▸ **INSTRUCTIONS FOR THE TASK**:
Repeat exactly the lines below, from the line containing "POPETPOP Giacca Elegante" through the last line, both included. Leave out any pictures.

▸ **Caption-style text data**:
'''
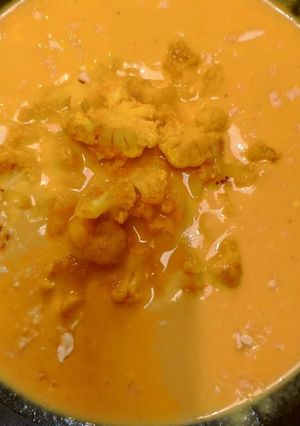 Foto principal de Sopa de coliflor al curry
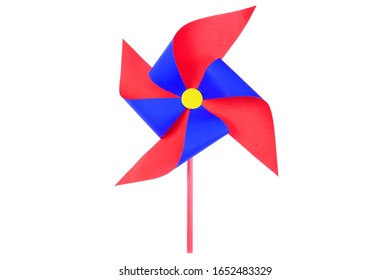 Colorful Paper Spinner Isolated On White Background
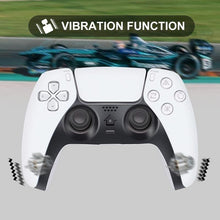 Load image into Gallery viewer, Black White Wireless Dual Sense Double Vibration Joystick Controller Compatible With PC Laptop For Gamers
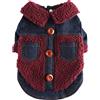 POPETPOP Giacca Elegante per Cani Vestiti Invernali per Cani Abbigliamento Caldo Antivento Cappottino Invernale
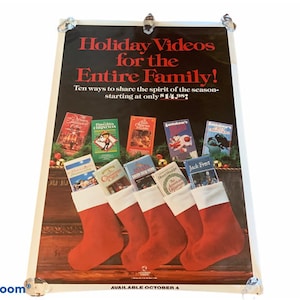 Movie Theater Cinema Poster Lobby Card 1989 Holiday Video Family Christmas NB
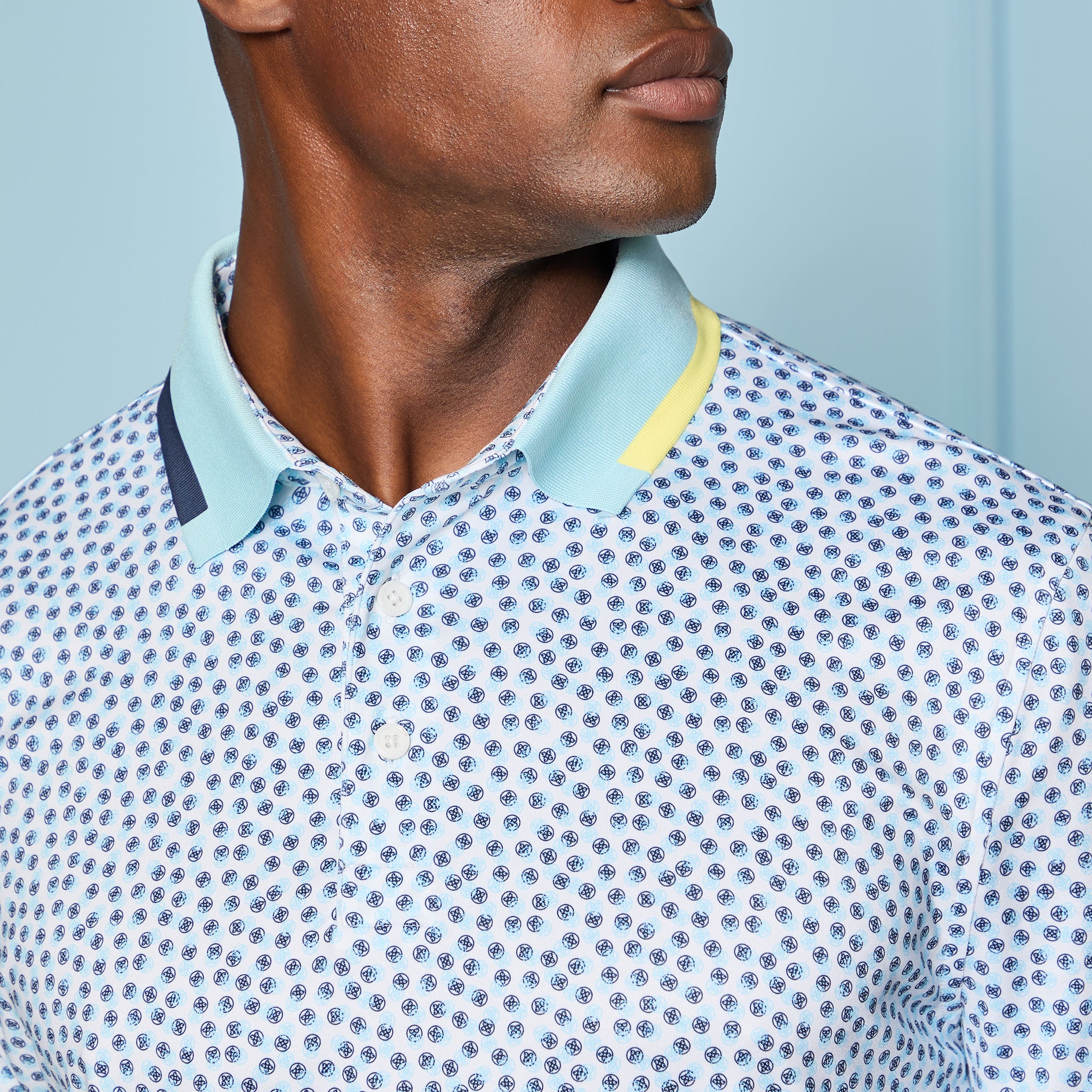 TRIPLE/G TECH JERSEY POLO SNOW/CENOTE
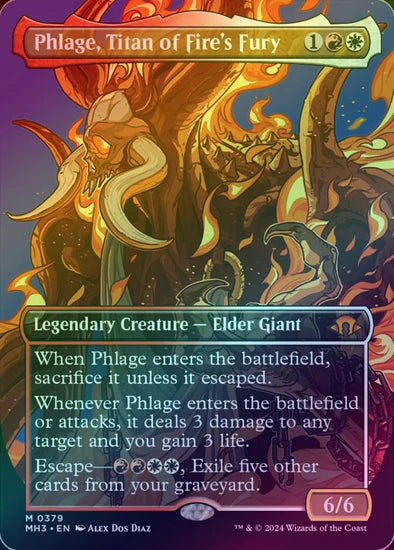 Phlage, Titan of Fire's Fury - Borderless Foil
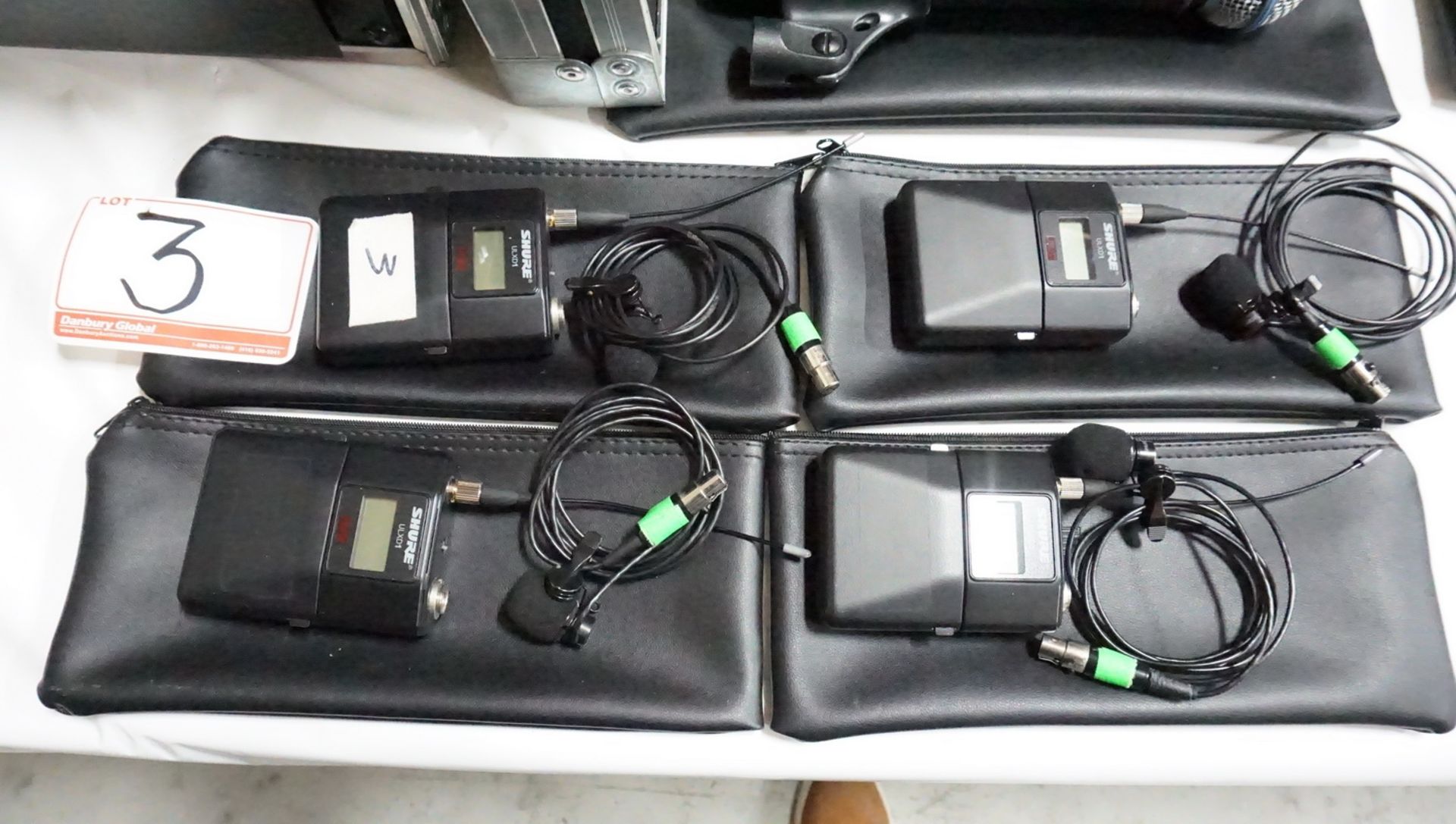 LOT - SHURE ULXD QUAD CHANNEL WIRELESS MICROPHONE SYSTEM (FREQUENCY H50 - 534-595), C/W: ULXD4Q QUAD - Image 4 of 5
'''
▸ **ANSWER SECTION**:
 POPETPOP Giacca Elegante per Cani Vestiti Invernali per Cani Abbigliamento Caldo Antivento Cappottino Invernale
 Movie Theater Cinema Poster Lobby Card 1989 Holiday Video Family Christmas NB
 TRIPLE/G TECH JERSEY POLO SNOW/CENOTE
 Phlage, Titan of Fire's Fury - Borderless Foil
 LOT - SHURE ULXD QUAD CHANNEL WIRELESS MICROPHONE SYSTEM (FREQUENCY H50 - 534-595), C/W: ULXD4Q QUAD - Image 4 of 5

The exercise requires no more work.